1. The insurer herein appeals from the award dated April 3, 1978, of the Motor Accidents Claims Tribunal, Nowgong, in M.A.C. Case No. 13 of 1976 allowing compensation of Rs. 56,000 out of which the insurer is to pay Rs. 51,000 and the insured Rs. 5,000.
2. The first respondent, Haren Das, was travelling by bus No. ASZ 851 on January 8, 1976, from Udari to Jaluguti and when the bus came near Danduapathar, at a distance of about 4 miles east from Morigaon Police Station, it capsized and fell into a ditch when its wheels ran over heeps of chips stacked on the road. The claimant-first respondent received several injuries. His right leg was fractured and left hand was cut by the glass of the bus. He had to be treated at Marigaon State Dispensary and then at the Nowgong Civil Hospital.

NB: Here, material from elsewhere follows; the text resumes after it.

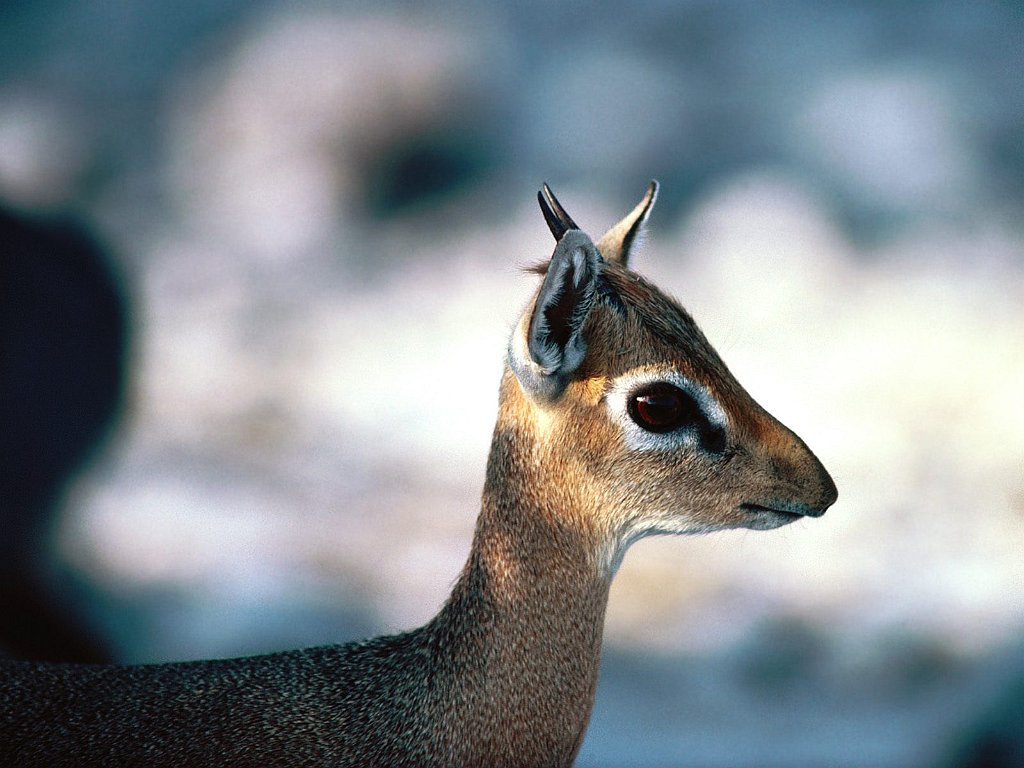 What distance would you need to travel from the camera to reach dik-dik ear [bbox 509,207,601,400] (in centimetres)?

Because of the fractured right leg, he has been permanently disabled and his leg has been shortened and he is unable to walk erect without the help of a stick and is unable to perform his normal work like cultivating his own land and managing his grocery shop. He claimed Rs. 1,00,000 as compensation impleading both the insurer, the present appellant, and the insured, the owner of the vehicle, the second respondent both of whom appeared before the Tribunal, but the latter did not file any written statement.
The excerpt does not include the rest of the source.